Plante is the solo alias of Kansas City-based recording droner Andrew Plante. If this name sounds familiar to those whom are deeply soaked into the world of doom, it’s because his “other” project Shroud of Winter had been featured nearly one year ago on Justin Wright’s (see our review of his collaboration with Aaron Martin, “Light Poured out of our Bones”) Sonic Meditations — a label that you may already know from their work with Expo 70, Inspired School of Astral Music, Lamp of the Universe, and, more frequently, Sounding the Deep — in the form of a cassette limited to an unfortunate 100 copies. For all intents and purposes then, this is Andrew Plante’s first professional release via any of his projects. Plante’s specific style of drone doom is based on guitar compositions that take on a definite metallic approach with a post-rock jam-out style.
It’s difficult to place Plante inside of a genre, even in regards to the world of drone doom. For all realistic measures, his music is certainly more doom than drone and doesn’t, in sound, really fit in with other big names in the guitar side of the genre like Aidan Baker and Oren Ambarchi. Rather, he has more of a vintage doom approach on Side A. Plante’s lighter side (as present on “The Moon to Guide by Day”) is reminiscent of the bleaker stylings of A Death Cinematic but Plante’s sound is inherently less hopeless. The heavier side as featured on “Earthshine” features a bold vintage distortion that can’t help but be compared to War Pigs-era Black Sabbath. The opening of Side B, “Unbroken Communion” features more of the drone sound that you may be anticipating with deep layers of feedback that tie in with higher notation to develop a pristine phasing sound. The layers aren’t thick nor are they overly complex, but the succeed in creating imagery of shifting moonlight over the expansive wild landscapes of Central America. It should be said that, alongside the track titles, the music of Side B seems to have a more visceral and spiritual theme whereas Side A sounded and appeared more Earthly. “Damnation is Lie” gets back to the shifting vintage doom sound, but paired with the minimal piano melody that operates subtley underneath the guitar layer, it comes off as clearly emotional for the composer, especially at the end when some tremolo picked guitar lines swell into being and create the most complex part of the entire record.

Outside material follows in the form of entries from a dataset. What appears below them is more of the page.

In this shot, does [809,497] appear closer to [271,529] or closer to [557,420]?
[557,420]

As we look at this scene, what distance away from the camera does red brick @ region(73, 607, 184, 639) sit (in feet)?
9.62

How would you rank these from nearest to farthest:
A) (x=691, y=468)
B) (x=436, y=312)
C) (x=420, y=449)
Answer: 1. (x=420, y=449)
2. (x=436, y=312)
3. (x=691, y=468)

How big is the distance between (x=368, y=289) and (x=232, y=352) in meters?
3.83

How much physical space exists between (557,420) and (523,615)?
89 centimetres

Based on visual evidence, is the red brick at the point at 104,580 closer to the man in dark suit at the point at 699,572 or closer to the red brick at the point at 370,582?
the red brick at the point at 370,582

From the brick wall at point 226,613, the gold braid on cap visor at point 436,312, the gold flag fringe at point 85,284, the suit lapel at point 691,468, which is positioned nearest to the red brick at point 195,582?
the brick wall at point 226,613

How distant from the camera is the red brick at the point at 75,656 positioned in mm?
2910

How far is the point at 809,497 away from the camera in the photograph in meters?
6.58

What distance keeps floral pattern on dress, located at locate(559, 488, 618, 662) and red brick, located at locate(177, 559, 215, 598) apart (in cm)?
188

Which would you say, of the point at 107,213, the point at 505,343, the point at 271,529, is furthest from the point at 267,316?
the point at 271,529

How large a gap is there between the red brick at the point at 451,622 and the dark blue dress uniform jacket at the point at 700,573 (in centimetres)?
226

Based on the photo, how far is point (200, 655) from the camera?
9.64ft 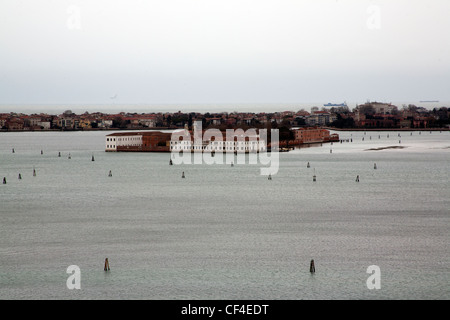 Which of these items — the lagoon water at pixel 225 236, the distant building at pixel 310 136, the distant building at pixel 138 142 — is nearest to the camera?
the lagoon water at pixel 225 236

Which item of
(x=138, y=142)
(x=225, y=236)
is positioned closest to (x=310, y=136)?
(x=138, y=142)

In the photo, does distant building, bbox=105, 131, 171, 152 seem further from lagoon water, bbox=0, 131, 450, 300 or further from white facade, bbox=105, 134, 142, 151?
lagoon water, bbox=0, 131, 450, 300

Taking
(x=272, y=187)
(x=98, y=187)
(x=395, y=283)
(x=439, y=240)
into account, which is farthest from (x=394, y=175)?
(x=395, y=283)

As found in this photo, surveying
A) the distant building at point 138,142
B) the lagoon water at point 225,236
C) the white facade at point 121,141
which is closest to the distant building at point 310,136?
the distant building at point 138,142

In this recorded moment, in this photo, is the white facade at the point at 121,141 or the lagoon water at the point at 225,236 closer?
the lagoon water at the point at 225,236

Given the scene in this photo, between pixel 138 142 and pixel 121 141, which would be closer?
pixel 121 141

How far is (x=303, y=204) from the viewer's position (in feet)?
60.2

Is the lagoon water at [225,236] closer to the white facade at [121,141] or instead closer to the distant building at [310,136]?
the white facade at [121,141]

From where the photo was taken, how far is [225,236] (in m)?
13.6

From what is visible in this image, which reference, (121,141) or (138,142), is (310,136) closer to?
(138,142)

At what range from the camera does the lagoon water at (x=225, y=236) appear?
10.0 m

Overall, “Harvest” is exactly what it is advertised to be. A solo work of drone doom from an artist whom offers more doom than drone. There aren’t really any introspective underlying occultist themes or great epiphanies that are hinted at with this record, it’s just a very personal offering that can come off as equal parts beautiful and psychedelic. It isn’t overly spiritual, it isn’t violent, it holds no pre-determined ego. It’s simply a solid, visceral work. The packaging itself is worth noting as the jacket of the record is — and this is coming from someone who has been screen printing as a dayjob for 6 years — absolutely flawless. Perfectly centered and perfectly printed. It may not sound like much, but that’s asking a lot considering the prints we’ve received in the past. The record comes colored in a glass-green tinted clear and includes a printed and stamped brochure-sized insert with production notes and track titles.